_INSTRUCTIONS FOR THE TASK_. From the entries below, write out exactly the lines between the line holding "末梢神经是什么意思的图片" and the line holding "Collapsible Mesh Pet Carrier", inclusive, excluding any pictures.

_RECORDS FOR THE TASK_.
------------------------------------

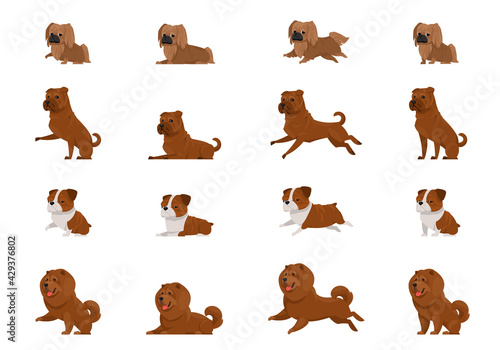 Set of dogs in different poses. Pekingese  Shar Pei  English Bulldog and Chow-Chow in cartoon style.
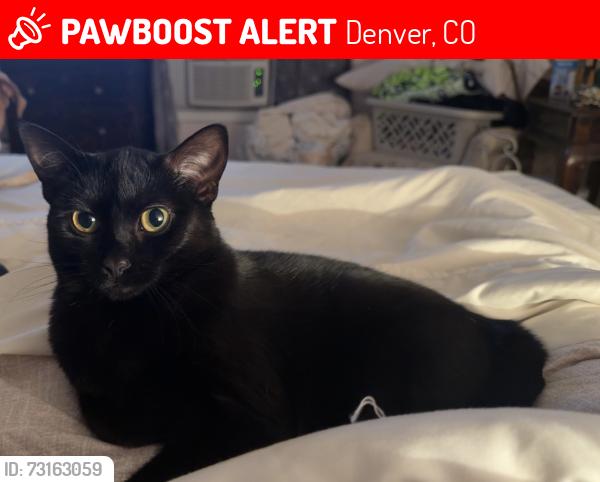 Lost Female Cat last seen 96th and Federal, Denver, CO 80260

------------------------------------

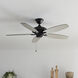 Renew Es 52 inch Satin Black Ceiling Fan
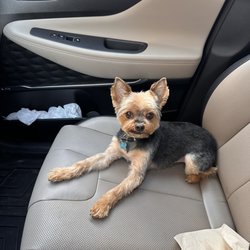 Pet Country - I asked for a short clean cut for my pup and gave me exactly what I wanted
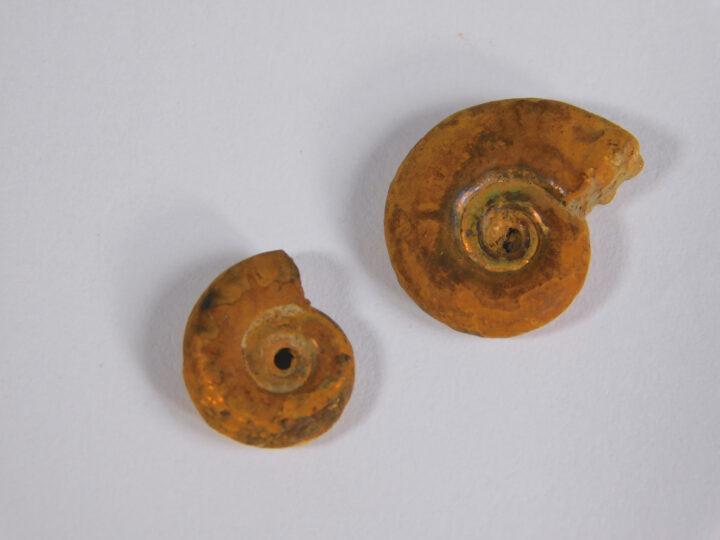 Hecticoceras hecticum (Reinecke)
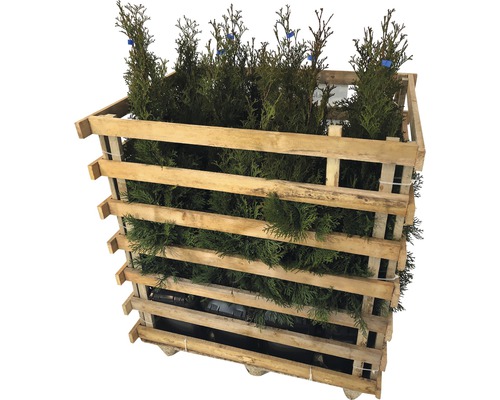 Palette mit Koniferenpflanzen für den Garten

------------------------------------

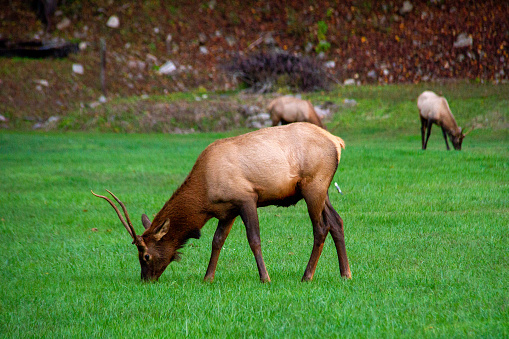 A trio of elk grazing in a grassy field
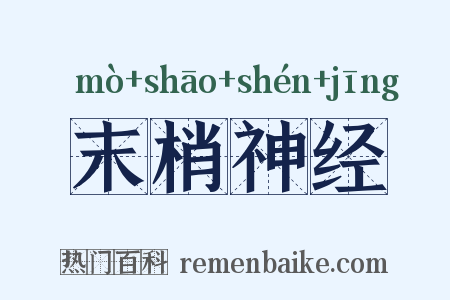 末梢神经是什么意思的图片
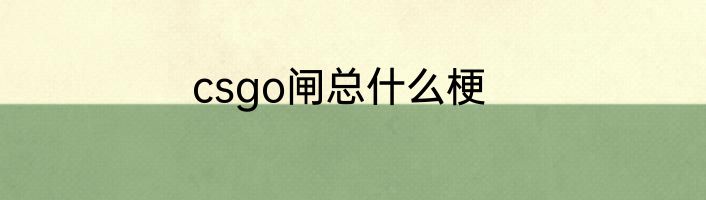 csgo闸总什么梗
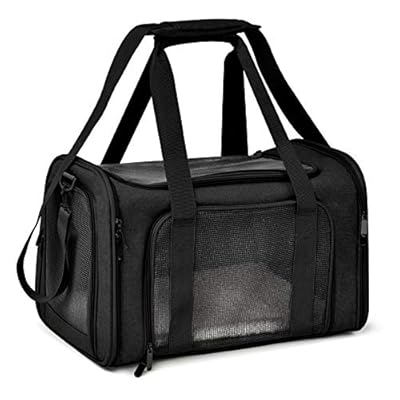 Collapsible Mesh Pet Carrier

------------------------------------

_RESPONSE TO THE EXERCISE_.
 末梢神经是什么意思的图片
 csgo闸总什么梗
 Collapsible Mesh Pet Carrier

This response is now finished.